Web page caption snippets:
-------------------------

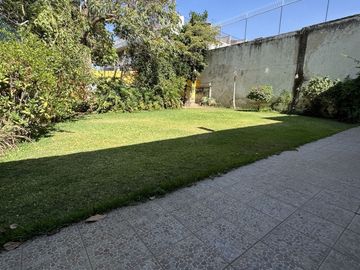 PARA HABITAR O USO COMERCIAL CASA EN VENTA JARDINES DEL BOSQUE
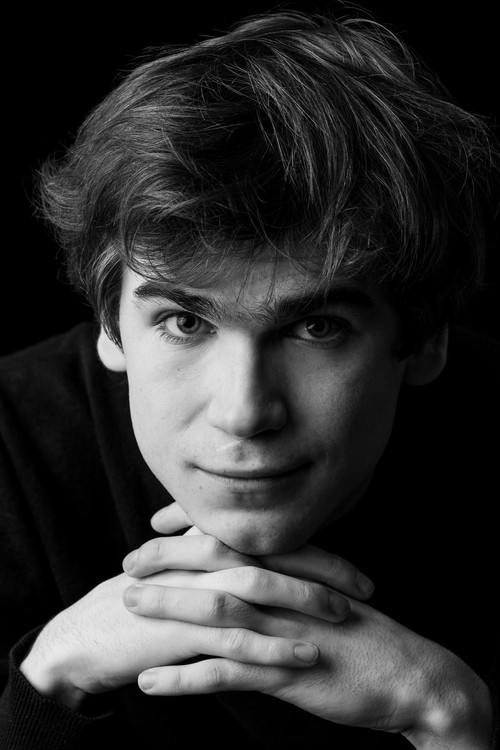 Kacper Olszewski as Mickey House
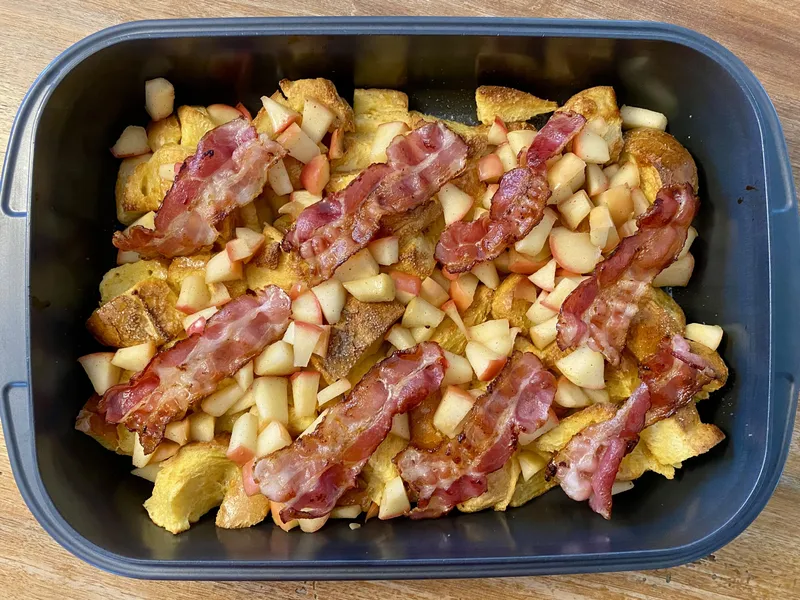French Toast mit Speck und Äpfeln aus dem Backofen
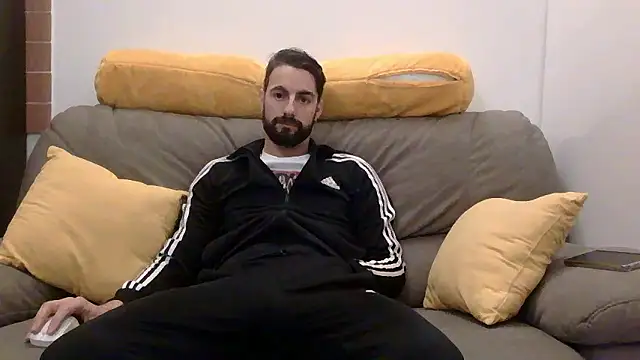 Snapshot of Amicisegreti chatting on January 12, 2026, 6:35 pm Amicisegreti online show from January 12, 2026, 6:35 pm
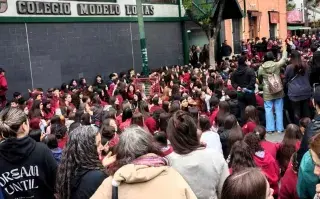 protesta en colegio por desnudos falsos con IA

-------------------------

### What is required
No pictures belong in the output. Restate word for word only the lines from the one containing "Snapshot of Amicisegreti" to the end of the entries above.

### Solution to this problem
 Snapshot of Amicisegreti chatting on January 12, 2026, 6:35 pm Amicisegreti online show from January 12, 2026, 6:35 pm
 protesta en colegio por desnudos falsos con IA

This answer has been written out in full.